14041 上野の国立科学博物館で開催されている「医は仁術」展に行ってきました。江戸時代に、日本の医学はそれまであった漢方と(主として)オランダ経由で入ってきた西洋医学が合流し、解剖学・手術学・麻酔学などが発展を始め、さらに種痘などの予防医学を「仁」の概念でお金を払えない人たちにも実施するという現代の国民皆保険の基礎とでも言えるような形で広めていった、という歴史を紹介するかたわら、21世紀の医療としてiPS細胞の応用、3Dプリンタを用いた内蔵モデルなどで本来体内にある臓器を可視化・可蝕化する技術も紹介するという展示でした。「華岡清州の妻」という話は知っていてもそれが全身麻酔による乳癌手術の世界初例であったことなどはきちんと認識していませんでした。
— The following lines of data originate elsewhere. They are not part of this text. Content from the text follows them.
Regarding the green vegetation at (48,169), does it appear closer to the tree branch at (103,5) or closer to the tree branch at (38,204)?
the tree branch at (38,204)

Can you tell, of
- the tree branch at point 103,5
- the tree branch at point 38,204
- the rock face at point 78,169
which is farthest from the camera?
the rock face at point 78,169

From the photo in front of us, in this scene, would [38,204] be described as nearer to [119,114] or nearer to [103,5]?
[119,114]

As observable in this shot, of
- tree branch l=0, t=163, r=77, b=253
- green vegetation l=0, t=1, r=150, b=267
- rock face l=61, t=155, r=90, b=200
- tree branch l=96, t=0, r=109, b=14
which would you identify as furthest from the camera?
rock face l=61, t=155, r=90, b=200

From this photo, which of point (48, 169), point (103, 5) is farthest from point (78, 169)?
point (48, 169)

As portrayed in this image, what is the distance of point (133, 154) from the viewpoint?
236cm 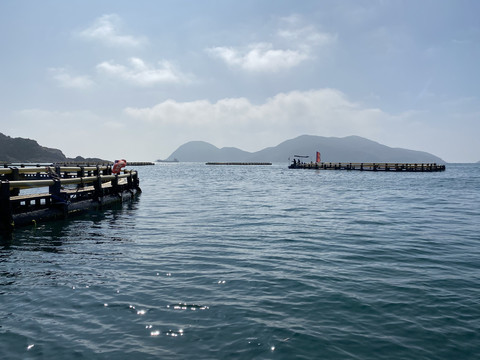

14042 さて、本日は特別講演として敬愛する神戸医大の杉本真樹先生による「21世紀の仁術」という講演がありました。杉本先生は展示のうち3Dプリンタや体表面への内蔵データプロジェクションマッピングなどのプロデュースに関わられました。先生のプレゼンテーションはいつもの如くで、ほとんどの聴衆が一般の方々であったにもかかわらずグイグイと惹きつけ、時には和ませて所定の1時間半があっという間に過ぎ去りました。医療画像処理ソフトウエアであるOsiriXとの出会いなどは以前も聴講したことがありましたが、それ以後の3Dプリンタ技術の進展や臓器プロジェクションマッピングの応用範囲拡大などは非常に聴き応えがありました。
14043 会場となった国立博物館の講堂は歴史を感じさせる部屋で、しかし背面投射型スクリーンが備わっているなどきちんと現代対応も出来ていて「さすが国立」と思わざるを得ませんでした。先日上梓されたばかりのご著作「医療者・研究者を動かすインセンティブプレゼンテーション」にサインをいただくのも忘れませんでした。なお、夜にはTBS「世界ふしぎ発見」でも同展をテーマにした番組となっており、杉本先生も出演しておられ、実に内容の濃い「杉本デー」になりました。今後のご活動がより進展することを祈念いたします。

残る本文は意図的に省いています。